Codeforces 25E - Test Given three strings, find the shortest string that contains all three as substrings. For each pair, compute the maximum overlap (longest suffix of one that is a prefix of the other) using KMP, then try all orderings.

Bonus: Z-Function as an Alternative

The Z-function $z[i]$ gives the length of the longest substring starting at position $i$ that matches a prefix of $s$. It solves many of the same problems as the prefix function but from a different angle.

Prefix function $\pi$	Z-function $z$
$\pi[i]$ = longest border of $s[0 \ldots i]$	$z[i]$ = longest match of $s[i \ldots]$ with $s[0 \ldots]$
Borders = prefix = suffix	Z-values = prefix match at each position
Follow chain to get all borders	$z[i] + i = n$ iff $s[i \ldots n-1]$ is a border

You can convert between them in $O(n)$:

From $z$ to $\pi$: for each $i$ where $z[i] > 0$, the positions $i, i+1, \ldots, i+z[i]-1$ have prefix matches of lengths $z[i], z[i]-1, \ldots, 1$ respectively. Take the maximum that reaches each position.
From $\pi$ to $z$: follow all $\pi$-chains.

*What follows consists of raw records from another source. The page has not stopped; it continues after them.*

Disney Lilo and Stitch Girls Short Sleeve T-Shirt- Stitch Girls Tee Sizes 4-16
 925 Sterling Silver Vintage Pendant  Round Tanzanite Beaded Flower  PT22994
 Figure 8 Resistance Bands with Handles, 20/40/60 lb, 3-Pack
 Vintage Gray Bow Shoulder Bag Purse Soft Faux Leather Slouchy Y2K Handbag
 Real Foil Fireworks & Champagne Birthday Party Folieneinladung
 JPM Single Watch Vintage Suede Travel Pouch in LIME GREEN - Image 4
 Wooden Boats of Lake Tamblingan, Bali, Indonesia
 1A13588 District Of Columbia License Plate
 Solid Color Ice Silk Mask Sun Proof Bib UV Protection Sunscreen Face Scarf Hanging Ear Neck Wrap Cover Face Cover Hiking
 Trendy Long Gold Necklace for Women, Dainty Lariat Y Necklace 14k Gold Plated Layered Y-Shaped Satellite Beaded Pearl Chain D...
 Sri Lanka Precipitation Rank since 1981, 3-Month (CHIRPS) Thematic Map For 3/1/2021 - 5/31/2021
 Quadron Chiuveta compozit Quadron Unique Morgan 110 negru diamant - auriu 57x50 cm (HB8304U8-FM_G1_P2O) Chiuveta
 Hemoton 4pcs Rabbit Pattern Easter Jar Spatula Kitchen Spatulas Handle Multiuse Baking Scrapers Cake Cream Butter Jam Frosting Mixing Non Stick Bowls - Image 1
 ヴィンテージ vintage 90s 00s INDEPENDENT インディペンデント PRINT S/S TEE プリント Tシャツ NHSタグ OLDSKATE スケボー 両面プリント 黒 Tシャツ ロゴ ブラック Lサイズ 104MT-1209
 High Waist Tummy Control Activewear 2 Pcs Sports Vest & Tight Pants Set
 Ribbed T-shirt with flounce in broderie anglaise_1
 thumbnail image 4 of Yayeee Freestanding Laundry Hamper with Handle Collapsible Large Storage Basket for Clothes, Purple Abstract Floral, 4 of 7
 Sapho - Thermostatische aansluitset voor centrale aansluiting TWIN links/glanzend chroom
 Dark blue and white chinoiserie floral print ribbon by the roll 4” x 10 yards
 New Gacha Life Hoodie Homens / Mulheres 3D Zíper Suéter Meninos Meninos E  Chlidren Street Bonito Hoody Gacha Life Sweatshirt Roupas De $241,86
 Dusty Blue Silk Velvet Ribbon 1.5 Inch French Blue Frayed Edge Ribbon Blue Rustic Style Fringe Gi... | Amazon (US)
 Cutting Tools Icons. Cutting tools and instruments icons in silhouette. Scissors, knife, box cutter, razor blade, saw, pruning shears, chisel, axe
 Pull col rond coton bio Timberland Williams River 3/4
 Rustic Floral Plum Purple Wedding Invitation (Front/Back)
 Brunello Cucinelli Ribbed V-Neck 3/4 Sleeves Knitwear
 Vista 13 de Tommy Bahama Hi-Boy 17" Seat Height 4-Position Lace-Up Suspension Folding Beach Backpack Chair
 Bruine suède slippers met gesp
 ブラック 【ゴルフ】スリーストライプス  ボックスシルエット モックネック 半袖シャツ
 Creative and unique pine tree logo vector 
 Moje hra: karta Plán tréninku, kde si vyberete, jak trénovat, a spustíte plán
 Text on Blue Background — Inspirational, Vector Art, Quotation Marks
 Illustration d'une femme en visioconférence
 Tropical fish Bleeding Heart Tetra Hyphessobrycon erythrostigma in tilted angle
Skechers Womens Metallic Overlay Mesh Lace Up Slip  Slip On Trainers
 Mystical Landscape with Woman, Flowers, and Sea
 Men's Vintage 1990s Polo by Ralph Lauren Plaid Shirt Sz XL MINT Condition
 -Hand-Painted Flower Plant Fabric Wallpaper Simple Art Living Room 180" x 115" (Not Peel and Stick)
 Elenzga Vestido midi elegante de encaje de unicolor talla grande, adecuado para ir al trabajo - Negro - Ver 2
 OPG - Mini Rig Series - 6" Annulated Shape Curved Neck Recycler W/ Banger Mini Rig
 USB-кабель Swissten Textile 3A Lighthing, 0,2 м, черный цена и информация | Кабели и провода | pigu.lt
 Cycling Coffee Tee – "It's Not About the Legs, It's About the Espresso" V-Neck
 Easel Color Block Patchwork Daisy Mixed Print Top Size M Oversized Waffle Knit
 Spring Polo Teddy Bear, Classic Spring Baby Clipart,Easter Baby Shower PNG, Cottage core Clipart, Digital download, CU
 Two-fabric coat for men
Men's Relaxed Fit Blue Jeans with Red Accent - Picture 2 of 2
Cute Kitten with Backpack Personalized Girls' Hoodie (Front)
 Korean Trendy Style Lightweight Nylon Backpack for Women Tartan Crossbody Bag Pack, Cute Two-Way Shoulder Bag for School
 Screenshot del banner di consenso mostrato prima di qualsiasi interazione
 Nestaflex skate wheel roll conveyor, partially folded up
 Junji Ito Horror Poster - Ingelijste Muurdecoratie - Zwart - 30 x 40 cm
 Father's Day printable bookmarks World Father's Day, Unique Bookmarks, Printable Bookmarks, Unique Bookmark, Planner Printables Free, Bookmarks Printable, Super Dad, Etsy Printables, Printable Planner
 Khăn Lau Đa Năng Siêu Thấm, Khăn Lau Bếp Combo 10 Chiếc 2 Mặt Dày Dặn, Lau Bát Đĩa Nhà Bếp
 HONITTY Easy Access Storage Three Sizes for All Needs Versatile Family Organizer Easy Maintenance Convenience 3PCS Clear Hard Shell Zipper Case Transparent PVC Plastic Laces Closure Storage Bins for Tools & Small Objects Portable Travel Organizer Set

Many competitive programmers prefer whichever they find more intuitive. Problems solvable with one are almost always solvable with the other.

Summary

The border of a string is a deceptively simple concept — a prefix that is also a suffix — but it underpins an enormous amount of string algorithm theory. The prefix function computes longest borders, gives you all periods, enables pattern matching via KMP, and powers automaton-based DP for constrained string counting.

When you see a problem mentioning any of these:

“prefix equals suffix”
“repeating structure” or “periodic string”
“find a pattern in a text”
“count strings containing/avoiding a pattern”
“overlap between strings”

there is a good chance that borders and the KMP failure function are the right tool.